Bandeira de Timor-Leste. Foto: Publico.

DÍLI, 07 de setembro de 2021 (TATOLI) – O Ministro da Educação, Juventude e Desporto (MEJD), Armindo Maia, disse hoje que Timor-Leste não celebrará amanhã o Dia Mundial da Alfabetização por causa da implementação do confinamento domiciliário obrigatório em Díli.

O tema da celebração da data neste ano é “Alfabetização para uma recuperação centrada no ser humano: Reduzindo a exclusão digital”.

“Em nome do Ministério da Educação, Juventude e Desporto quero lembrar a todos que a educação não conhece idades. Apelo também aos pais, jovens e adultos que não tiveram oportunidade de aprender nas escolas que aproveitem a tecnologia para serem capazes de escrever e ler.

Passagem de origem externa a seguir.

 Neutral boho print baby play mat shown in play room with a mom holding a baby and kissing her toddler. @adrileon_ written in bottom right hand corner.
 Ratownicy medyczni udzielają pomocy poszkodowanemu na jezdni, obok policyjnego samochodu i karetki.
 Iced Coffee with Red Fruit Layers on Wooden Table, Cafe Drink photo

A educação é muito útil para a vida”, disse o ministro.

Segundo a Resolução do Governo n.º 2/2007, sobre a criação da Comissão Nacional de Alfabetização, o analfabetismo entre adultos em Timor-Leste atinge números excessivamente elevados – cerca de 50%, ou seja, mais de 275 mil pessoas.

A situação constitui um dos maiores obstáculos para o desenvolvimento do país, em particular no que se refere a melhorias sustentáveis nos setores da saúde e da produtividade bem como no sucesso da educação das crianças.

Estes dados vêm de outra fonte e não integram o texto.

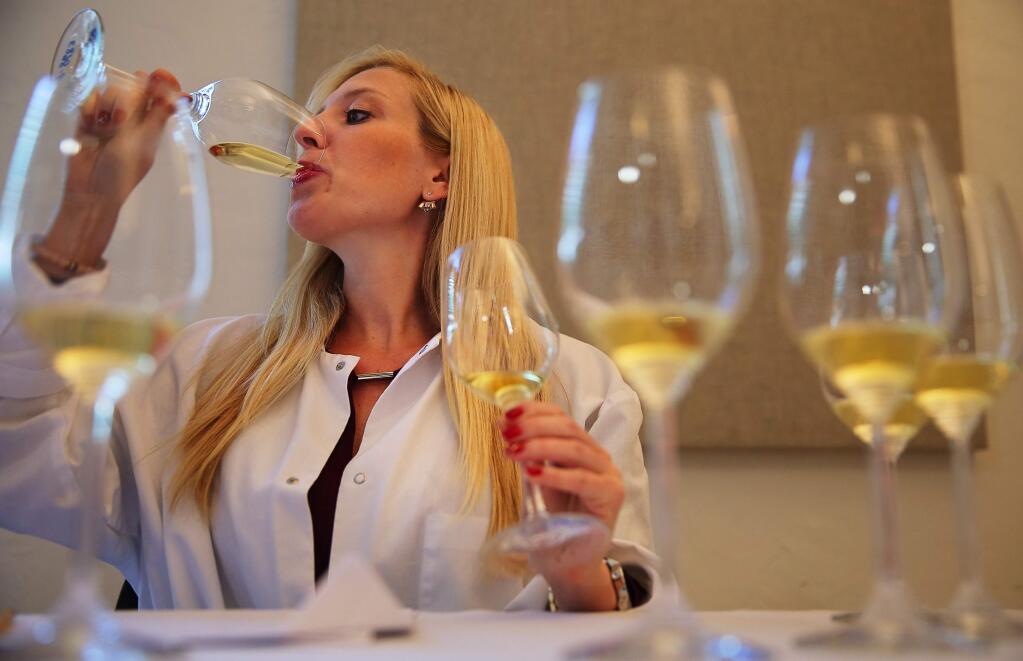 Jessica Altieri tastes chardonnay wines while judging the competition for the Harvest Fair, at the Sonoma County Fairgrounds, in Santa Rosa, on Tuesday, September 13, 2016. (Christopher Chung/ The Press Democrat)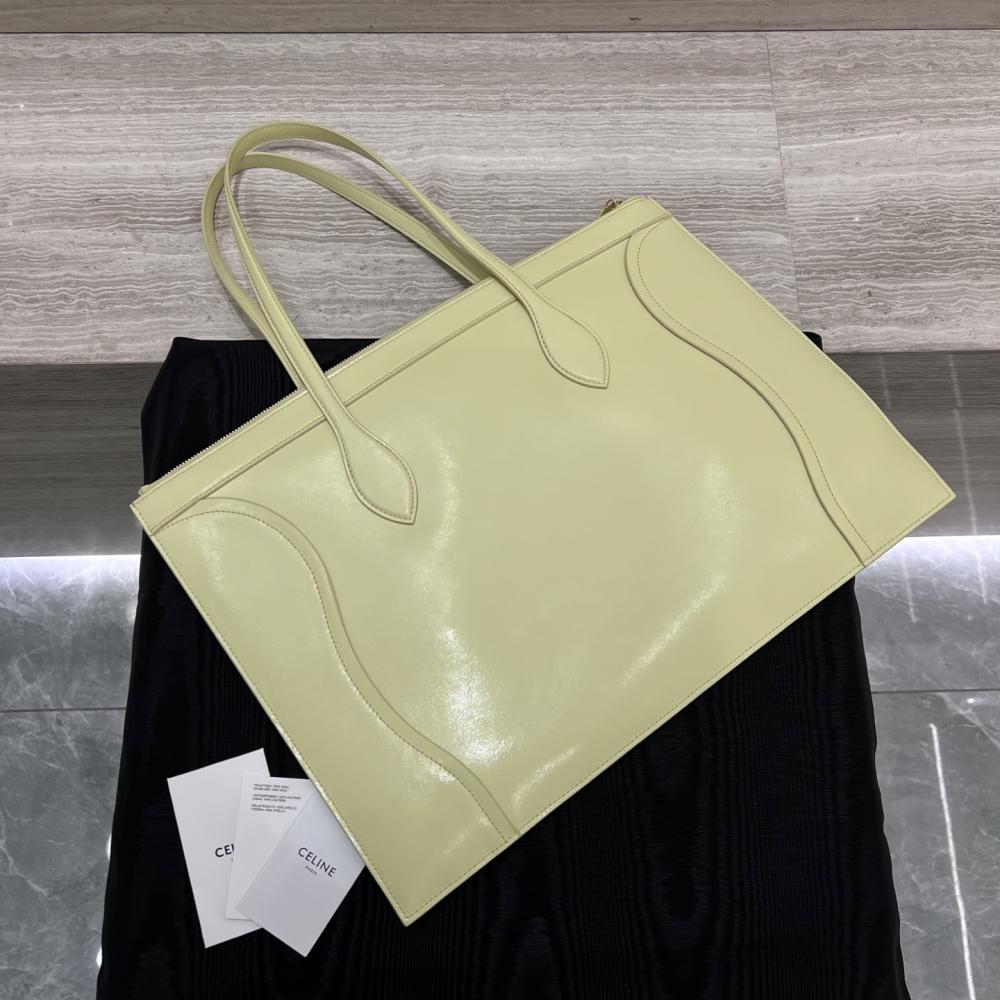 حقيبة سفر جديدة من جلد العجل اللامع من CELINE Flat Cabas – لون الحمضيات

De acordo com os resultados do Censos de 2015, cerca de 253 mil pessoas com mais de 15 anos tinham baixos níveis de alfabetização e mais de 17 mil pessoas foram alfabetizadas graças à campanha nacional do Programa de Alfabetização levada a cabo pelo Governo cubano.

Já os dados dos Censos Agrícolas de 2018 revelam que a taxa de alfabetização de adultos é de 68,07% e a de pessoas com idade entre 15 e 21 é de 83,54%.

Recorde-se que o Presidente da República, Francisco Guterres Lú Olo, pediu, a 13 de julho, ao embaixador designado para Cuba, Eusébio Corsino, que continuasse a desenvolver boas relações diplomáticas com o Governo cubano para retomar a campanha nacional do Programa de Alfabetização sob o lema “Sim, eu posso”.

O Terceiro Secretário da Embaixada de Cuba em Timor-Leste, José Ernesto Díaz Pérez, disse, por sua vez, que o Governo cubano pretende retomar a iniciativa que beneficiou 90% da população timorense durante a sua implementação nos anos entre 2008 e 2013.

Já a Organização das Nações Unidas para a Educação, Ciência e Cultura (UNESCO) diz, na nota de imprensa a que a Tatoli teve acesso, que, apesar dos progressos, os desafios da alfabetização permanecem, entre eles a pandemia da covid-19, que tem prejudicado a aquisição de competências básicas de alfabetização em pelo menos 773 milhões de jovens e adultos.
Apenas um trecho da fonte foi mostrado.